[DATA SUPPLIED]:
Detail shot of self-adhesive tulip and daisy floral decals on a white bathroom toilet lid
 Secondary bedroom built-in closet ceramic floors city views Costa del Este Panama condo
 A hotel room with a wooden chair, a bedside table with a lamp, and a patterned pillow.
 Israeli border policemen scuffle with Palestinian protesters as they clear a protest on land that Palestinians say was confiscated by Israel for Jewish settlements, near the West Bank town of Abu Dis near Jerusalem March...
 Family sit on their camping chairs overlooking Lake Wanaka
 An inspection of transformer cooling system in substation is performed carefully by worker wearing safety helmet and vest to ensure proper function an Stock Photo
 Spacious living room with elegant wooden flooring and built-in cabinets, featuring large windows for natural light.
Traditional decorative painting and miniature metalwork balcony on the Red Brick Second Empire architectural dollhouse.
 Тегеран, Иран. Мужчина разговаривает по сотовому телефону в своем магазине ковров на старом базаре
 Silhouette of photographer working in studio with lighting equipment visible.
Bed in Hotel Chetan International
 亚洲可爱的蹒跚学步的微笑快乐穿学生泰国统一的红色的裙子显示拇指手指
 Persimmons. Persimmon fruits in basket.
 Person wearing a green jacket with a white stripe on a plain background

[WHAT IS BEING ASKED]:
Word search in the records above: please count the lines holding "white" and state the count alone.

[ANSWER BOX]:
2